By the latest advancements in the field of medical informatics and tele-health monitoring, huge amount of electro-physiological signals, such as electrocardiograms (ECG), can be easily collected.One of the most common ways for physicians/cardiologists to analyse these signals is through visual inspection.However, it is not always easy and in most cases cumbersome to analyse these big amounts of ECG data.Therefore, it is of great interest to develop models that are capable of analyzing these data and help physicians making better decisions.This paper proposes and compares well-known machine learning (ML) algorithms to diagnose short episodes of AF. This also paves the way for real-time detection of AF in clinical settings.
Different ML algorithms such as Support Vector Machine (SVM), Decision Tree (DT), Random Forest (RF), Stacking Classifier (SC), Extreme Gradient Boosting (XGBoost), and Adaptive Boosting (AdaBoost) were applied to detect AF. These models were trained using extracted statistical features from ECG signals.
The proposed ML models were trained on a dataset with 23 ECG records of length approximately 10 h each using leave one group out cross validation (LOGO-CV) technique and achieved the best sensitivity (Se), specificity (Sp), positive predictive value (PPV), false positive rate (FPR), and F-score of 85.67%, 81.25%, 90.85%, 18.75% and 88.18%, respectively, to classify AF from normal sinus rhythms (NSR) in short ECG segments of 20 heartbeats.Additionally, the models were examined on three unseen datasets, namely the Long Term AF dataset, MIT-BIH Arrhythmia dataset, and MIT-BIH Normal Sinus Rhythm dataset, to assess their robustness and generalization.
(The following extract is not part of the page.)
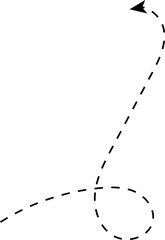 Charcoal arrows vector icons set. Hand drawn dotted arrows. Hand drawn freehand different curved lines, swirls arrows. Doodle marker.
The obtained results show high performance and flexibility of some of the applied ML models compared to other well-known algorithms. In general, the empirical results confirm that ensemble methods, such as AdaBoost, generalized well and perform better than other approaches.
心房颤动(AF)是最常见的心律失常之一,对全球的医疗保健系统构成挑战。及时发现 AF 有可能降低死亡率和发病率,并减轻由此造成的经济负担。数字解决方案已被证明可以增强对心脏异常的诊断。
通过医学信息学和远程健康监测领域的最新进展,可以轻松收集大量电生理信号,例如心电图(ECG)。医生/心脏病专家分析这些信号的最常见方法之一是通过目视检查。但是,分析这些大量 ECG 数据并不总是容易且在大多数情况下很麻烦。因此,开发能够分析这些数据并帮助医生做出更好决策的模型非常重要。本文提出并比较了著名的机器学习(ML)算法,以诊断 AF 的短暂发作。这也为在临床环境中实时检测 AF 铺平了道路。
应用了各种机器学习算法,如支持向量机(SVM)、决策树(DT)、随机森林(RF)、堆叠分类器(SC)、极端梯度提升(XGBoost)和自适应提升(AdaBoost),来检测 AF。这些模型使用从 ECG 信号中提取的统计特征进行训练。
使用留一法交叉验证(LOGO-CV)技术,将所提出的 ML 模型在包含 23 个 ECG 记录的数据集上进行训练,每个记录的长度约为 10 小时,以检测 20 个心跳的短 ECG 段中 AF 与正常窦性节律(NSR)的分类,结果模型的灵敏度(Se)、特异性(Sp)、阳性预测值(PPV)、假阳性率(FPR)和 F 评分最佳,分别为 85.67%、81.25%、90.85%、18.75%和 88.18%。此外,还在三个未见过的数据集(即长期 AF 数据集、MIT-BIH 心律失常数据集和 MIT-BIH 正常窦性节律数据集)上检查了模型,以评估其稳健性和泛化能力。
与其他知名算法相比,所应用的一些机器学习模型的结果表明其具有较高的性能和灵活性。总体而言,经验结果证实,集成方法(如 AdaBoost)泛化效果良好,性能优于其他方法。